▶ [Task goal]
Would you restate the entries below word for word, leaving out the images?

=== Section Start ===

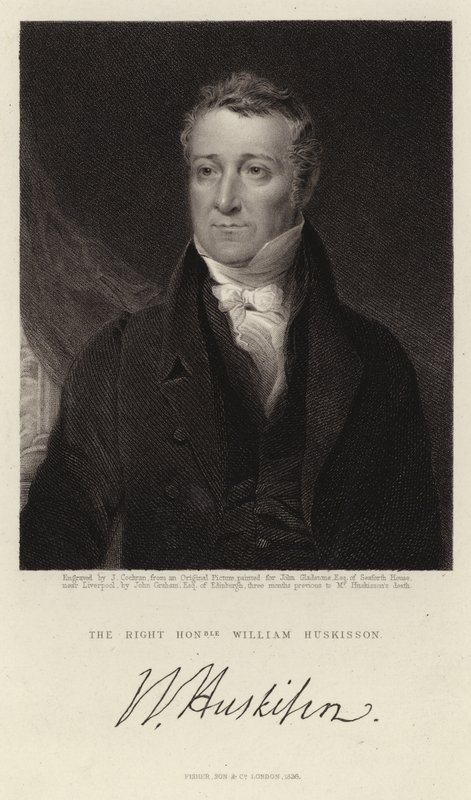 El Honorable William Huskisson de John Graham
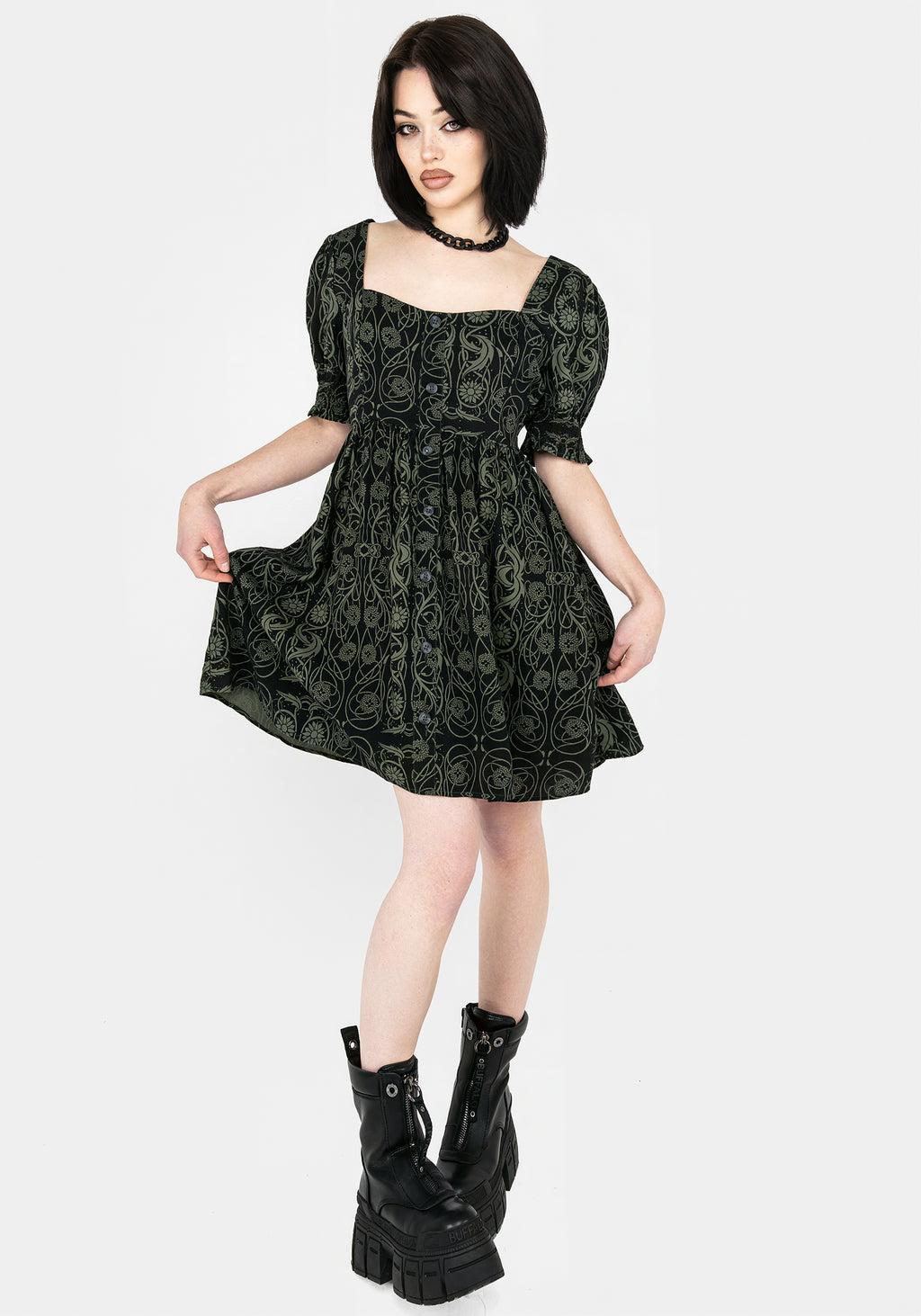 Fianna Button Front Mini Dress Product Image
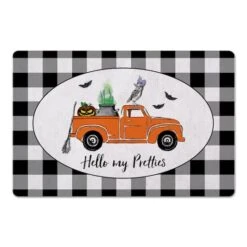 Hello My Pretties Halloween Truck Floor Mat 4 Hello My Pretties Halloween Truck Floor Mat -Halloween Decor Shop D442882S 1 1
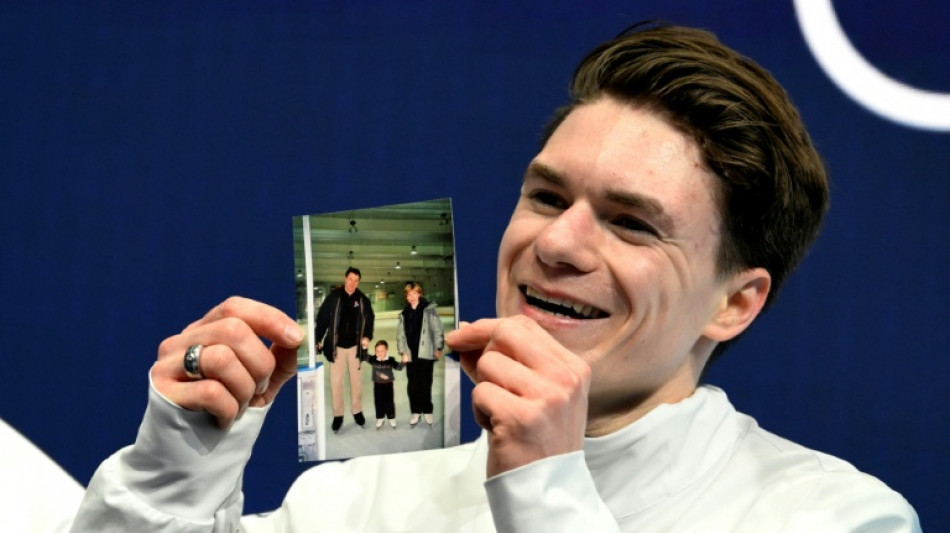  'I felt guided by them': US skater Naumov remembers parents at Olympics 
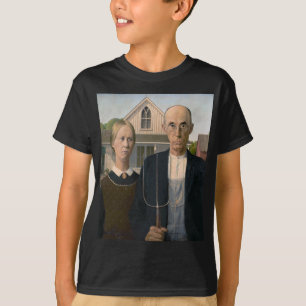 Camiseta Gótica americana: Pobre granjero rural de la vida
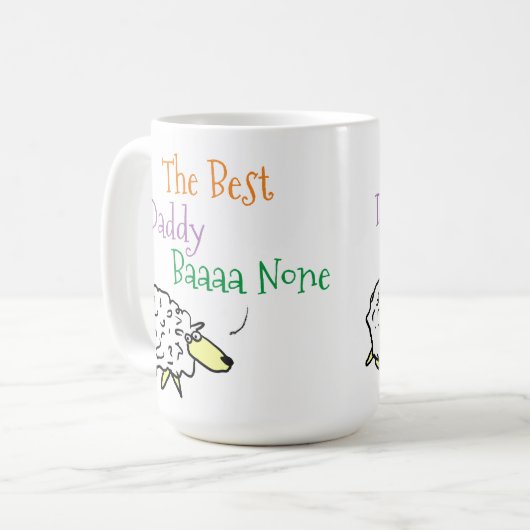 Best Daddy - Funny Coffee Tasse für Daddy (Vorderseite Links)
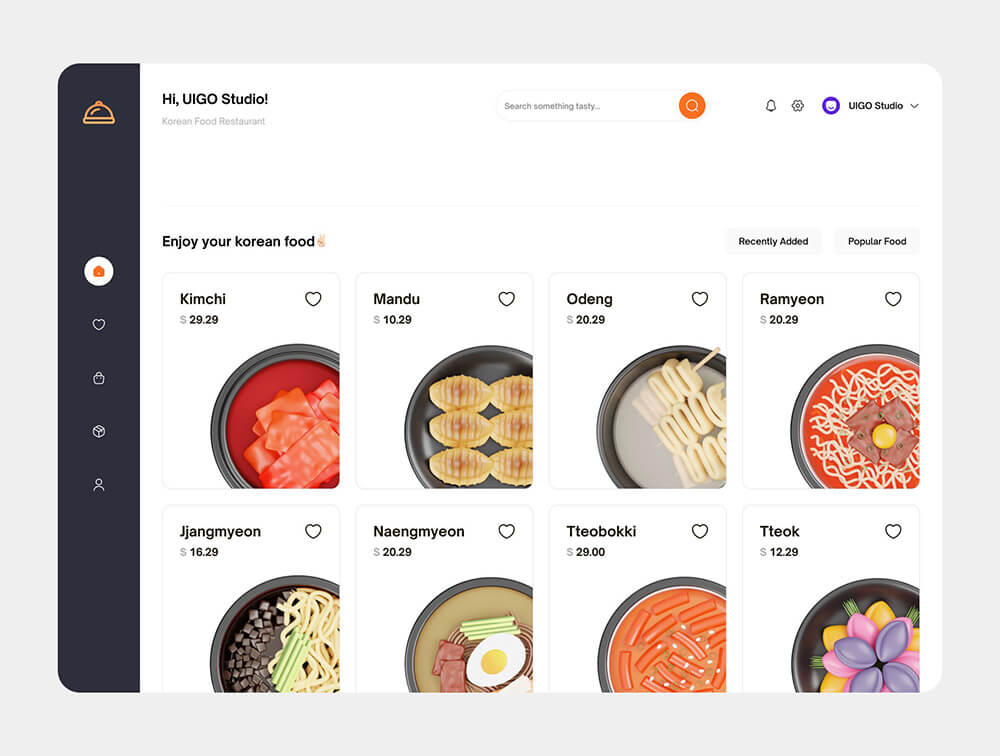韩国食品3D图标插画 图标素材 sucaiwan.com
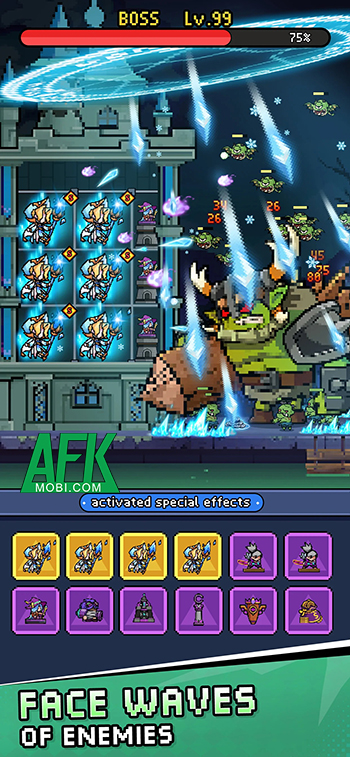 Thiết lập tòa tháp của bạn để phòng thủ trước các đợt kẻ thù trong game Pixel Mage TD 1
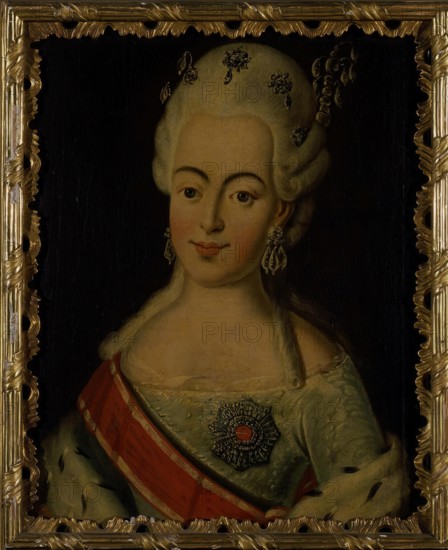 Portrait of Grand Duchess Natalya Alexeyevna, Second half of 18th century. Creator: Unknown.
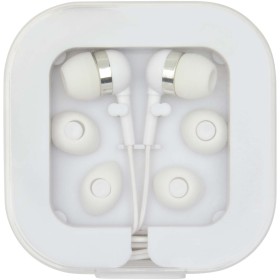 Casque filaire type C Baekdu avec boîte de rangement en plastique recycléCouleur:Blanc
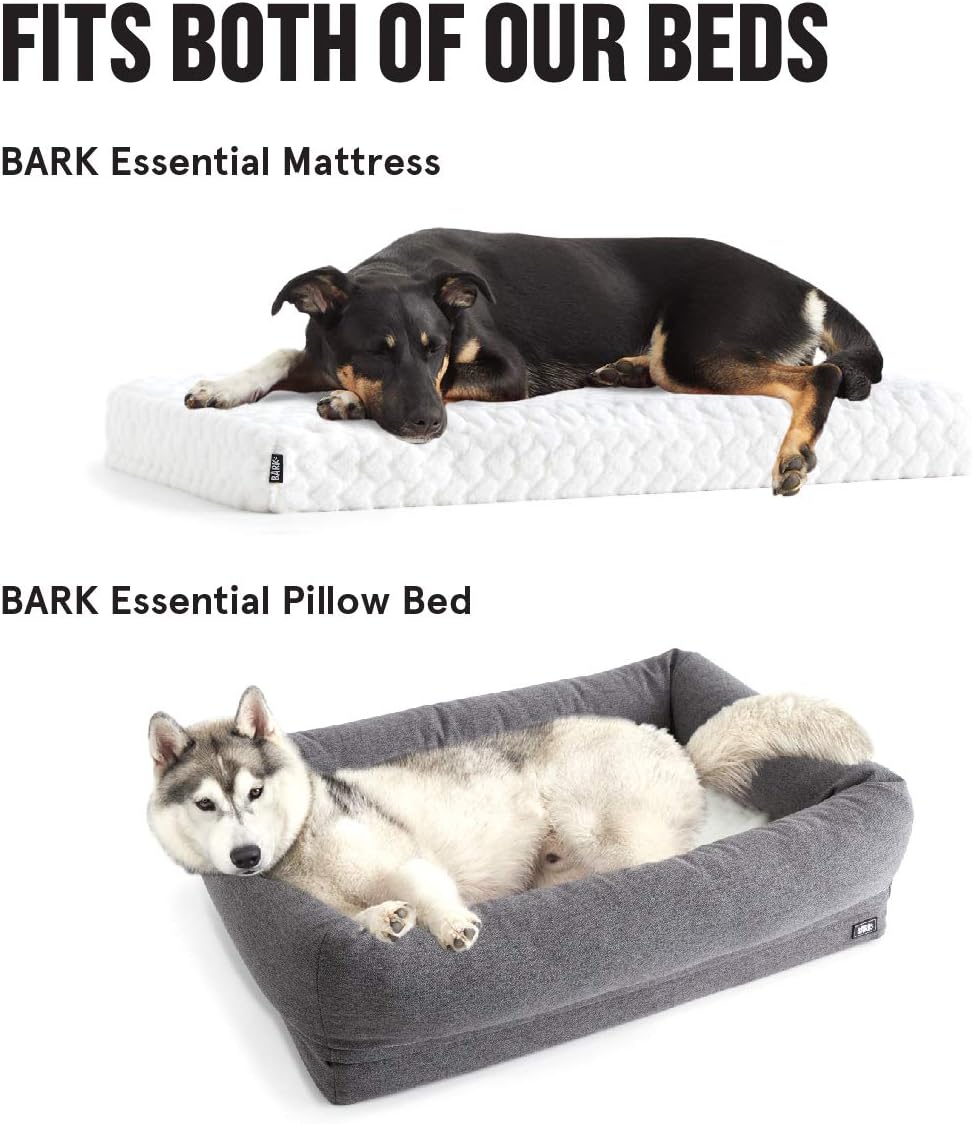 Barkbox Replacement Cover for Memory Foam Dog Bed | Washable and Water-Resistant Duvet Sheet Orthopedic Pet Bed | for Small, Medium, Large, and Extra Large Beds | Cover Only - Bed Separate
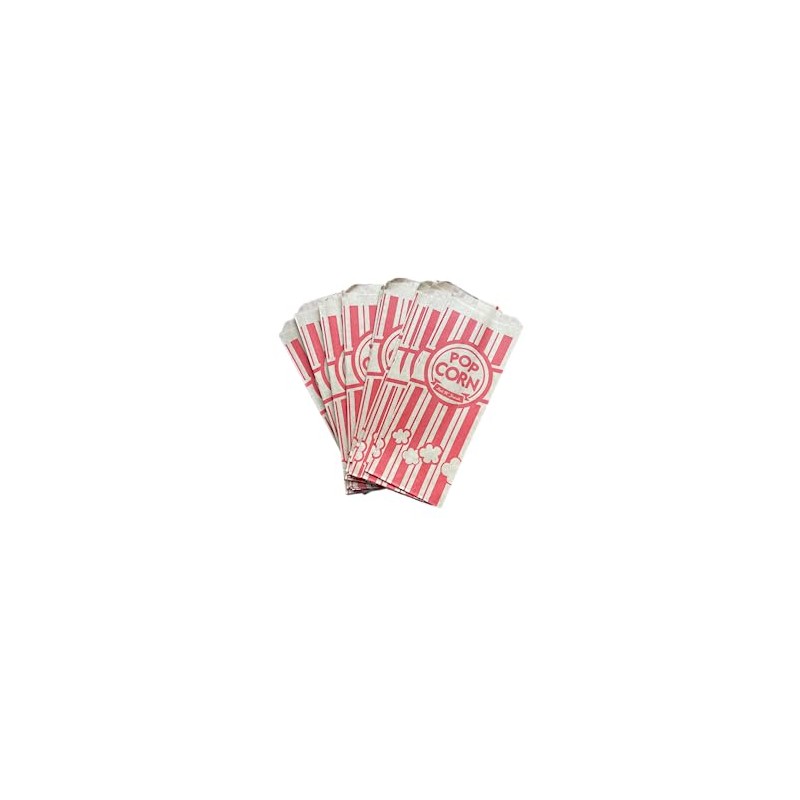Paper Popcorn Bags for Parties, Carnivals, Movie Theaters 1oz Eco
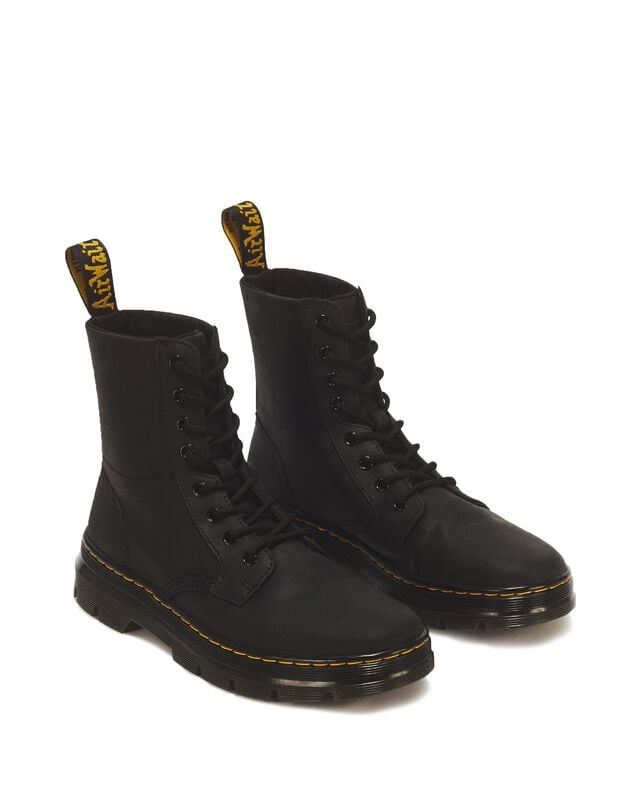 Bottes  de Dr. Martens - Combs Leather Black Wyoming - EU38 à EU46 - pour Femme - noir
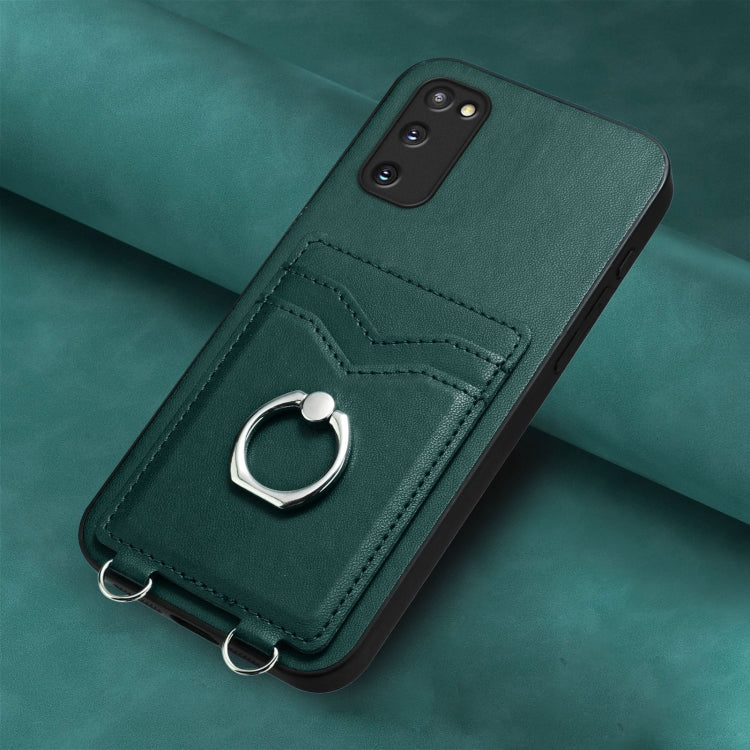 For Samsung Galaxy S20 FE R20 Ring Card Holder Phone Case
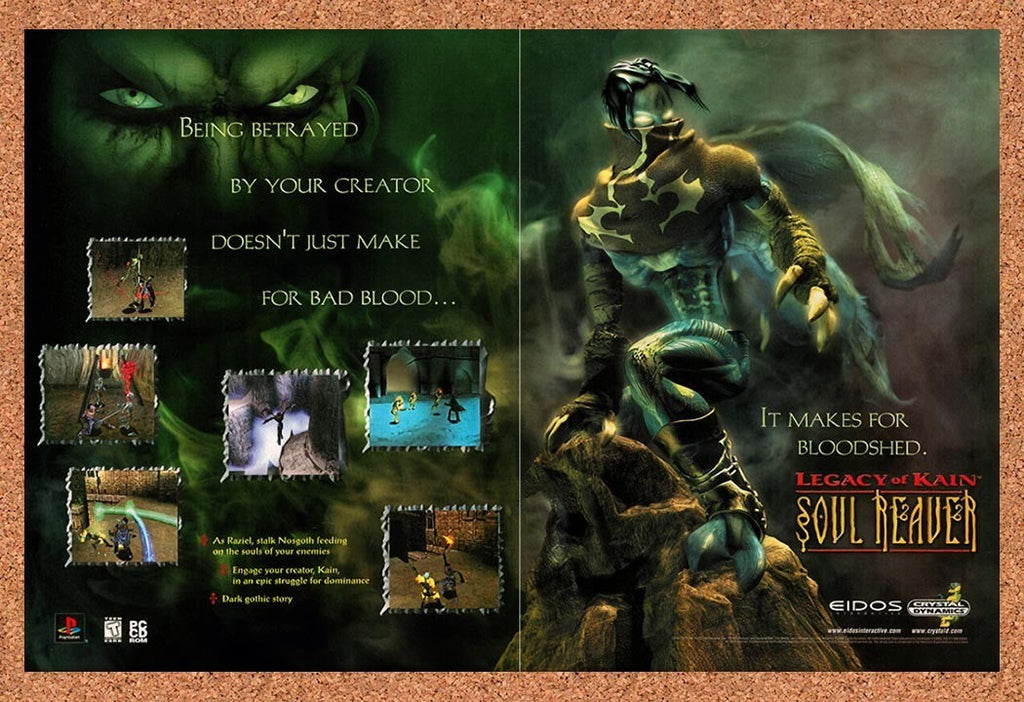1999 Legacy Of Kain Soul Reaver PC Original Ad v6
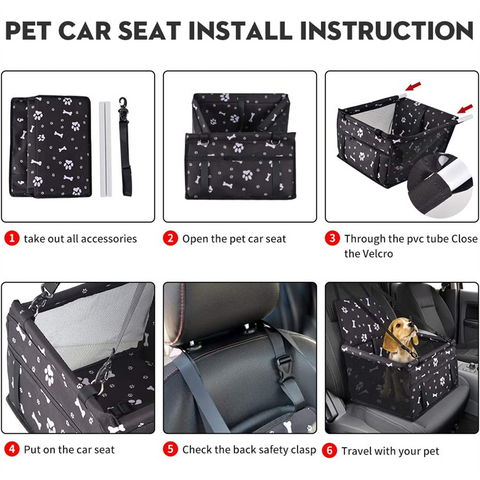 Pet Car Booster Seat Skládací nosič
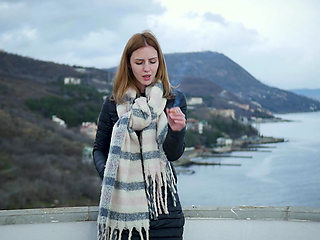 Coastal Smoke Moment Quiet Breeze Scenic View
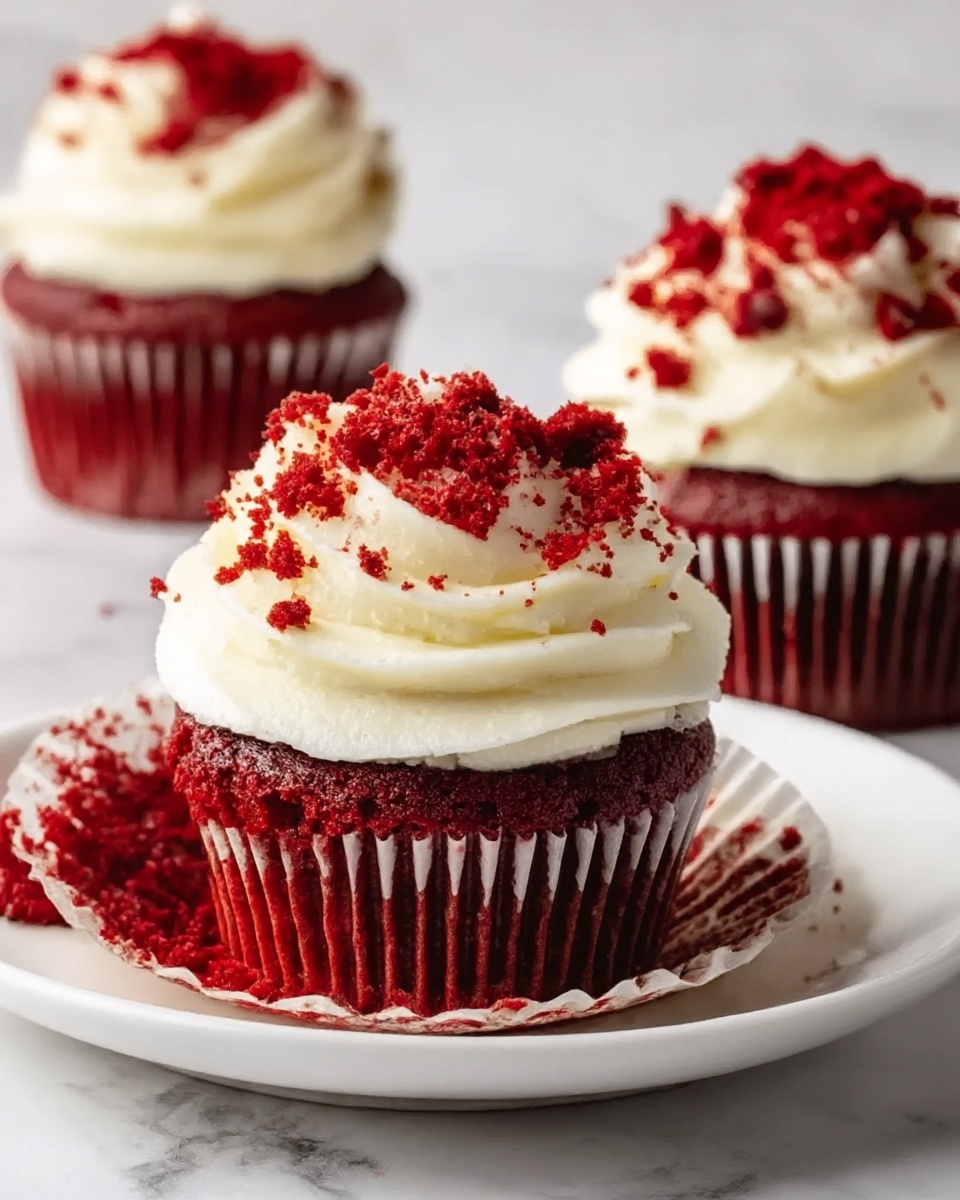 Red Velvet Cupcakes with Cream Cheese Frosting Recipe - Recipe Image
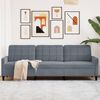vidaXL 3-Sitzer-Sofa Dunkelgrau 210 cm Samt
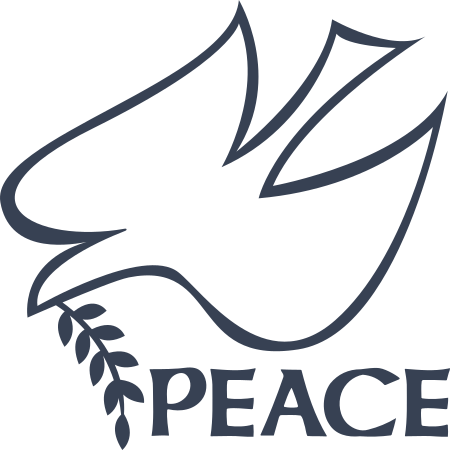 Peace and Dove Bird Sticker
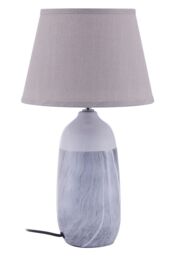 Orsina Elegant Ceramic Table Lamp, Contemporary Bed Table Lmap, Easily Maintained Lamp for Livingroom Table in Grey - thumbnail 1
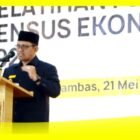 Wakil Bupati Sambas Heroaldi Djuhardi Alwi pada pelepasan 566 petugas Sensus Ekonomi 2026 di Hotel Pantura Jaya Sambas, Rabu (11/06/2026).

=== Section End ===

▶ [Task solution]
 El Honorable William Huskisson de John Graham
 Fianna Button Front Mini Dress Product Image
 Hello My Pretties Halloween Truck Floor Mat 4 Hello My Pretties Halloween Truck Floor Mat -Halloween Decor Shop D442882S 1 1
  'I felt guided by them': US skater Naumov remembers parents at Olympics 
 Camiseta Gótica americana: Pobre granjero rural de la vida
 Best Daddy - Funny Coffee Tasse für Daddy (Vorderseite Links)
韩国食品3D图标插画 图标素材 sucaiwan.com
 Thiết lập tòa tháp của bạn để phòng thủ trước các đợt kẻ thù trong game Pixel Mage TD 1
 Portrait of Grand Duchess Natalya Alexeyevna, Second half of 18th century. Creator: Unknown.
 Casque filaire type C Baekdu avec boîte de rangement en plastique recycléCouleur:Blanc
 Barkbox Replacement Cover for Memory Foam Dog Bed | Washable and Water-Resistant Duvet Sheet Orthopedic Pet Bed | for Small, Medium, Large, and Extra Large Beds | Cover Only - Bed Separate
Paper Popcorn Bags for Parties, Carnivals, Movie Theaters 1oz Eco
 Bottes  de Dr. Martens - Combs Leather Black Wyoming - EU38 à EU46 - pour Femme - noir
 For Samsung Galaxy S20 FE R20 Ring Card Holder Phone Case
1999 Legacy Of Kain Soul Reaver PC Original Ad v6
 Pet Car Booster Seat Skládací nosič
 Coastal Smoke Moment Quiet Breeze Scenic View
 Red Velvet Cupcakes with Cream Cheese Frosting Recipe - Recipe Image
vidaXL 3-Sitzer-Sofa Dunkelgrau 210 cm Samt
 Peace and Dove Bird Sticker
 Orsina Elegant Ceramic Table Lamp, Contemporary Bed Table Lmap, Easily Maintained Lamp for Livingroom Table in Grey - thumbnail 1
 Wakil Bupati Sambas Heroaldi Djuhardi Alwi pada pelepasan 566 petugas Sensus Ekonomi 2026 di Hotel Pantura Jaya Sambas, Rabu (11/06/2026).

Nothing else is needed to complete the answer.